▸ **Task brief**: Each entry should be transcribed exactly as written, and any picture left out.

*** Opening of Records supplied ***

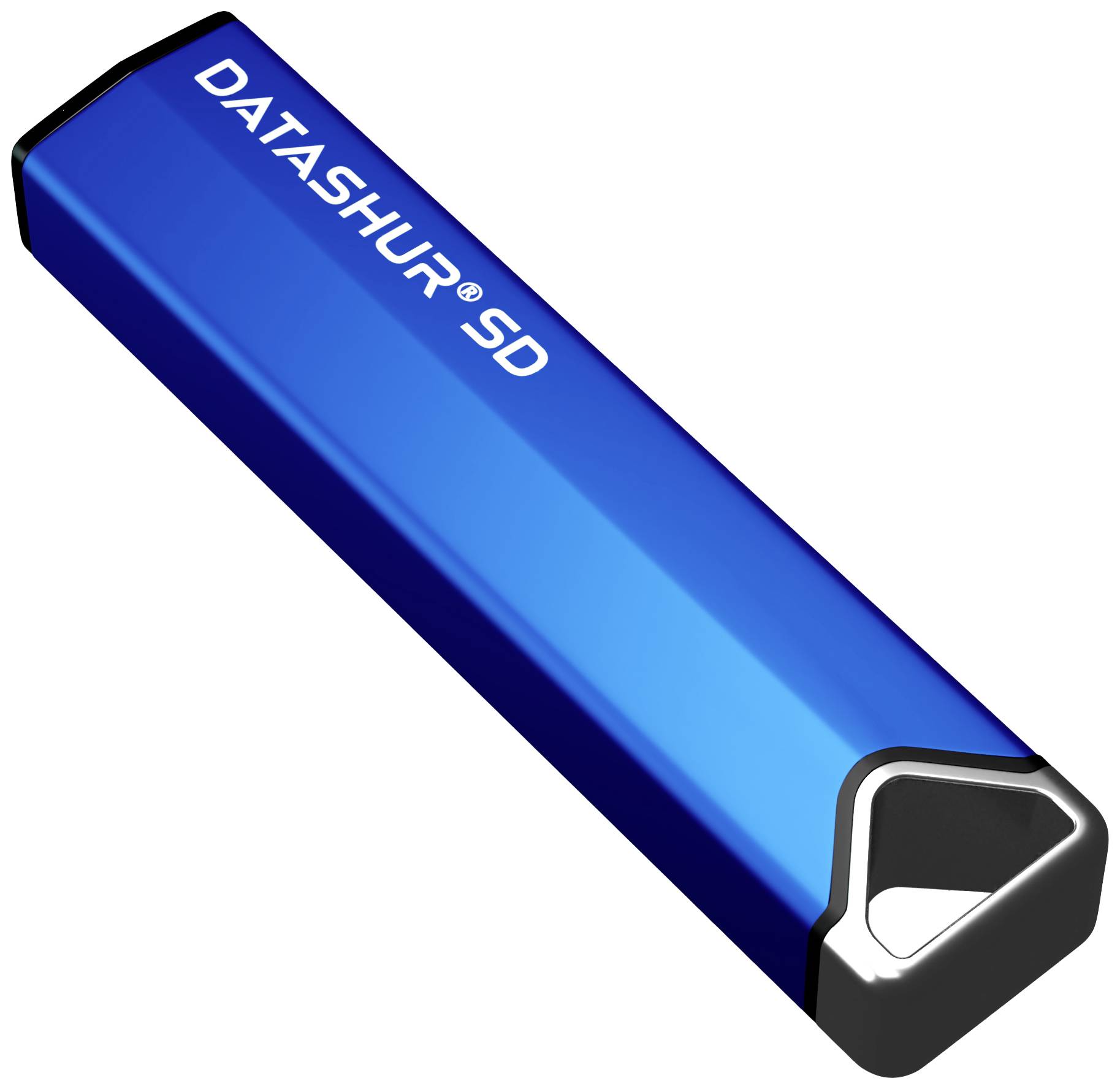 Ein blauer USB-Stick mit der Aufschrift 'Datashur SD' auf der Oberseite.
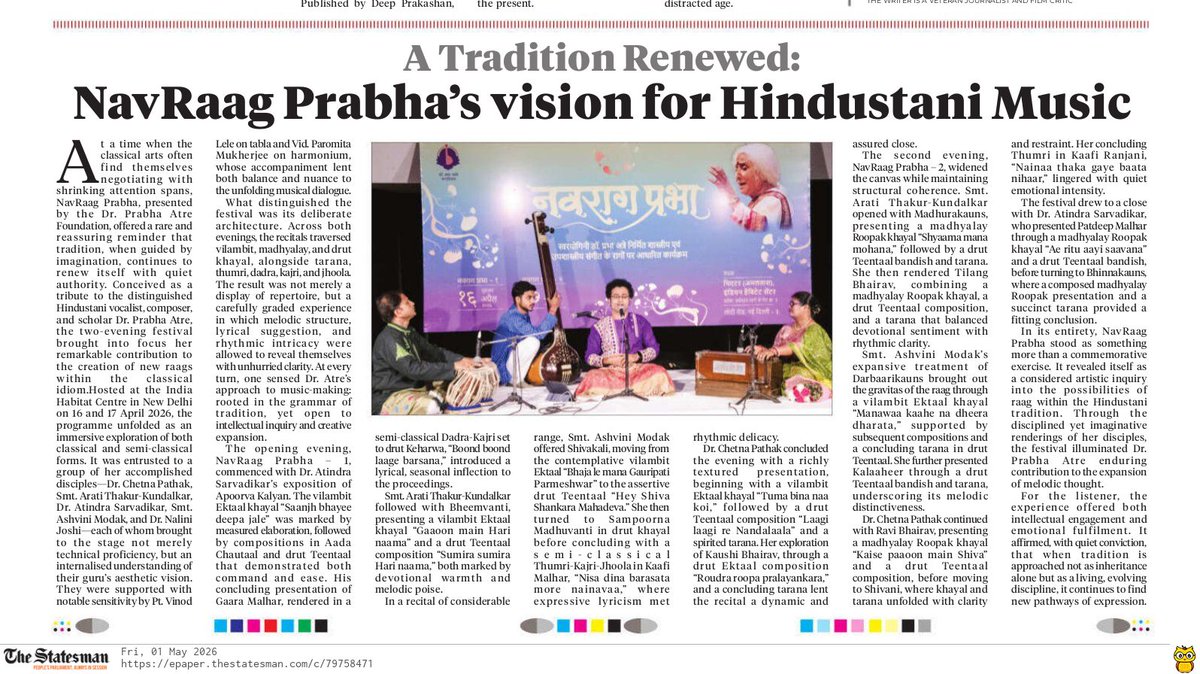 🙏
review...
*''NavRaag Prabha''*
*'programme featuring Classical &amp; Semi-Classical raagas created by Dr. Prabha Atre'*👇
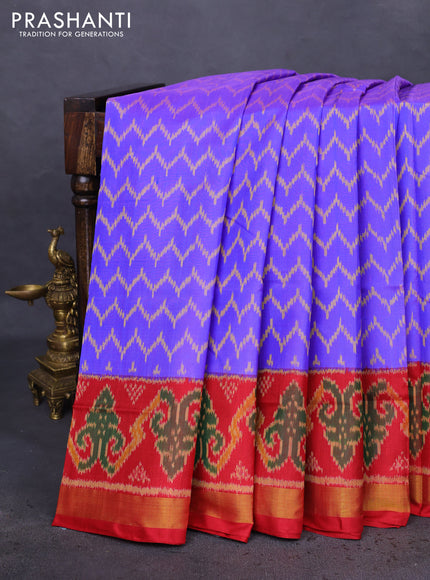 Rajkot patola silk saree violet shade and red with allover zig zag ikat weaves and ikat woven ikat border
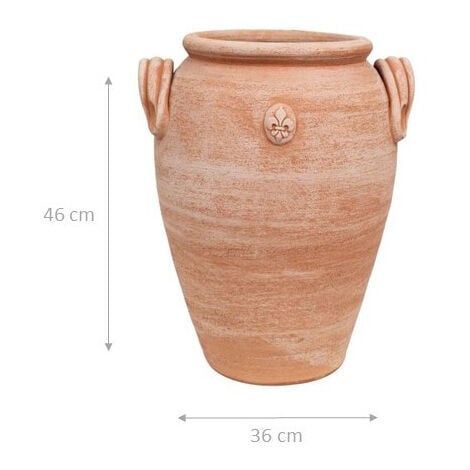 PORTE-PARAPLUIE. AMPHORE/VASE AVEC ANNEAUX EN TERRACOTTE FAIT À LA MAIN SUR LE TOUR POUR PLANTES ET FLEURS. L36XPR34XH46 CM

*** Close of Records supplied ***

▸ **Your response**:
 Ein blauer USB-Stick mit der Aufschrift 'Datashur SD' auf der Oberseite.
 🙏
review...
*''NavRaag Prabha''*
*'programme featuring Classical &amp; Semi-Classical raagas created by Dr. Prabha Atre'*👇
 Rajkot patola silk saree violet shade and red with allover zig zag ikat weaves and ikat woven ikat border
 PORTE-PARAPLUIE. AMPHORE/VASE AVEC ANNEAUX EN TERRACOTTE FAIT À LA MAIN SUR LE TOUR POUR PLANTES ET FLEURS. L36XPR34XH46 CM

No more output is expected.